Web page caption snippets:
--- START ---

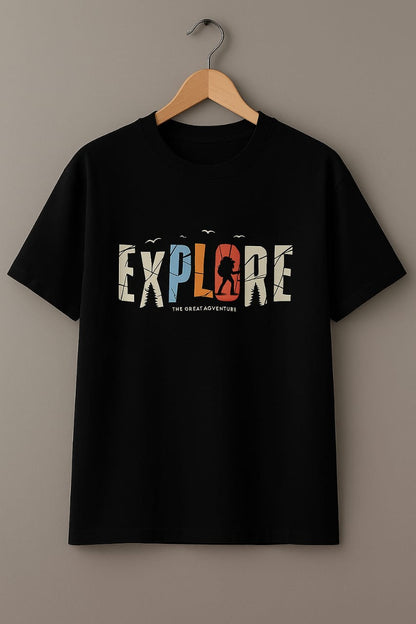 Explore Adventure T-Shirt – Unisex Black Oversized Cotton Tee for Travelers & Outdoor Enthusiasts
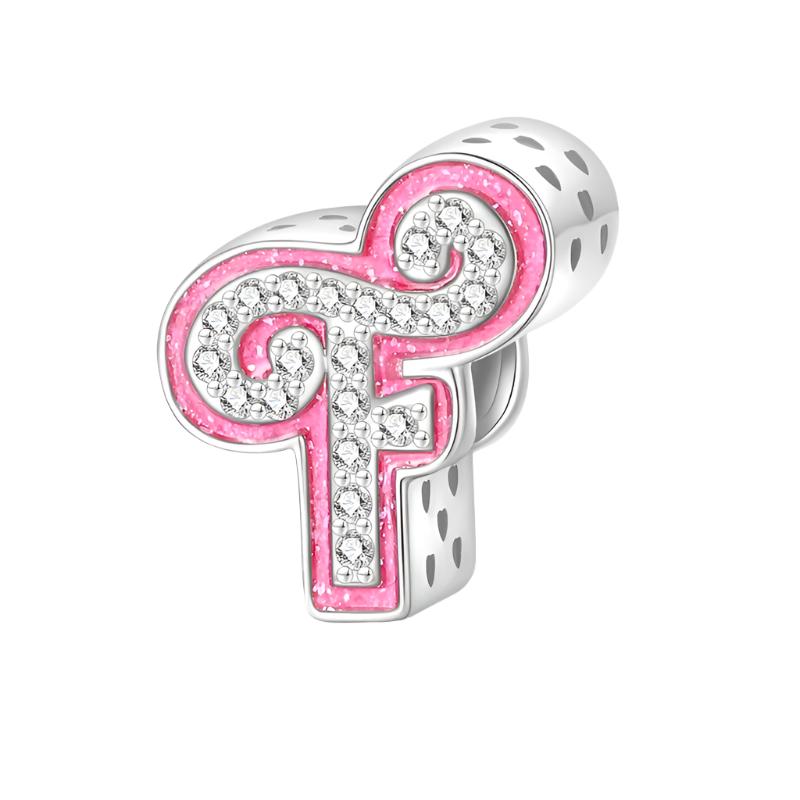 Rosa Bokstav A~Z Alphabet Charm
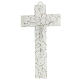 White and gold Murano glass crucifix, marble finish, 6x4 in s4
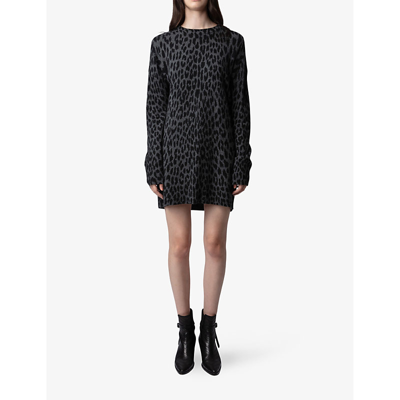 Shop Zadig & Voltaire Zadig&voltaire Womens Charcoal Malia Leopard-print Cashmere Mini Dress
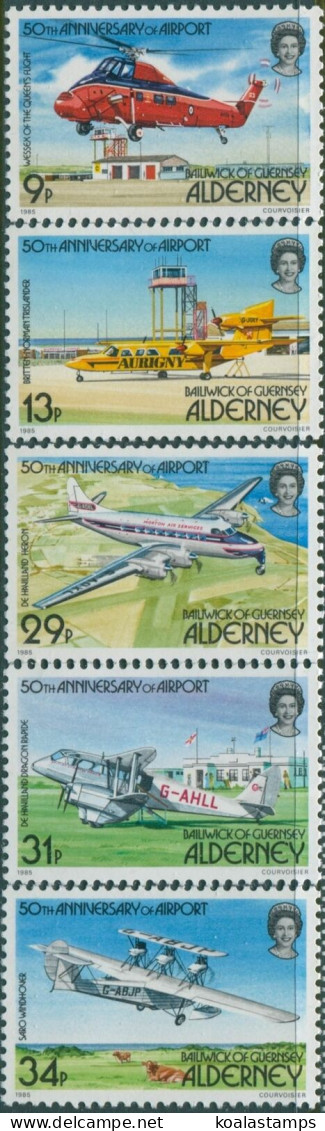 Alderney 1985 SGA18-A22 Airport Set MNH - Alderney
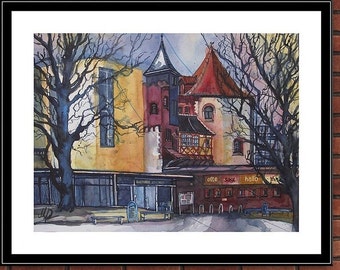 large original watercolor Magdeburg Otto von Guericke center 46 x 61 cm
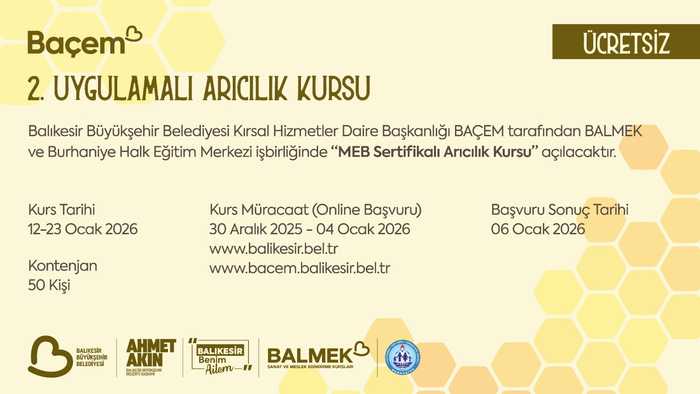 BAÇEM ’’II.Uygulamalı Arıcılık Kursu’’ Online Başvuru Formu Yayınlandı !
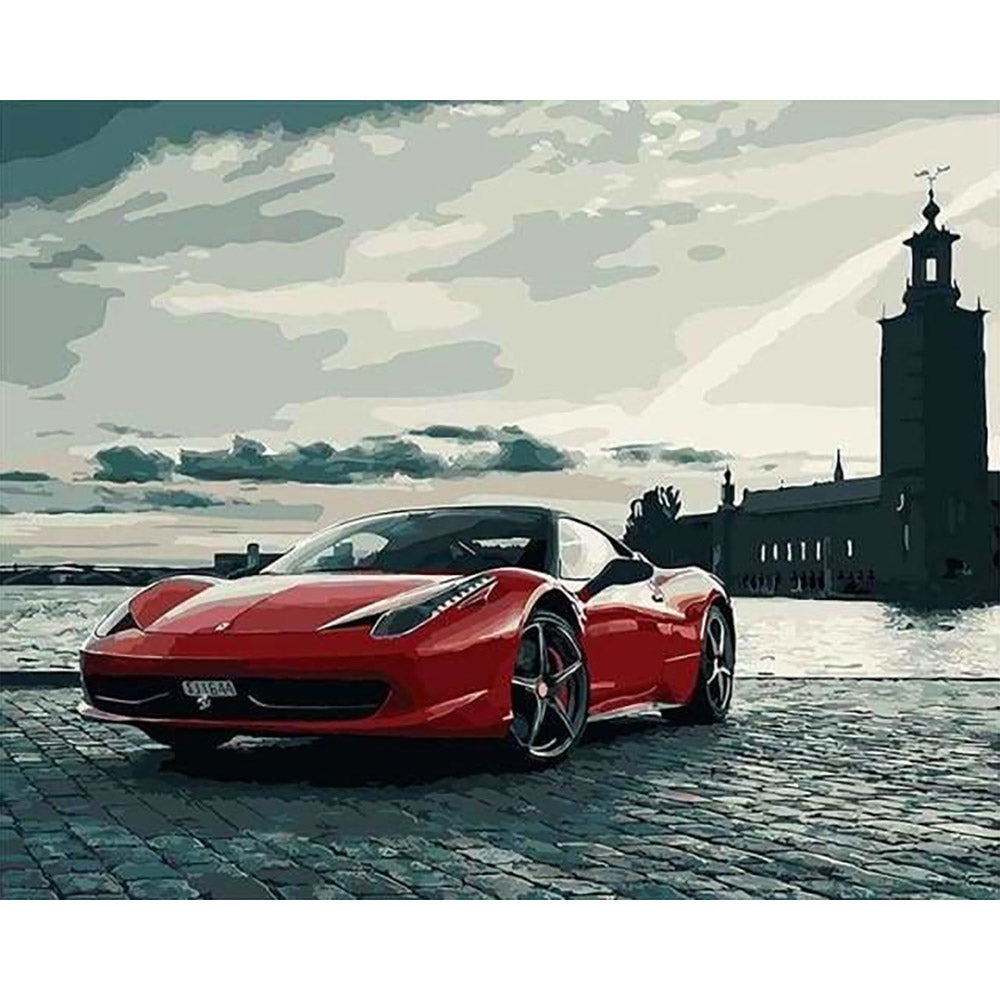 paint by numbers | Red Ferrari | cities intermediate | FiguredArt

--- END ---

EXERCISE INSTRUCTIONS
Copy all the entries above exactly as they stand, except for the pictures.

TASK RESPONSE
 Explore Adventure T-Shirt – Unisex Black Oversized Cotton Tee for Travelers & Outdoor Enthusiasts
 Rosa Bokstav A~Z Alphabet Charm
 White and gold Murano glass crucifix, marble finish, 6x4 in s4
 Shop Zadig & Voltaire Zadig&voltaire Womens Charcoal Malia Leopard-print Cashmere Mini Dress
 Alderney 1985 SGA18-A22 Airport Set MNH - Alderney
 large original watercolor Magdeburg Otto von Guericke center 46 x 61 cm
 BAÇEM ’’II.Uygulamalı Arıcılık Kursu’’ Online Başvuru Formu Yayınlandı !
 paint by numbers | Red Ferrari | cities intermediate | FiguredArt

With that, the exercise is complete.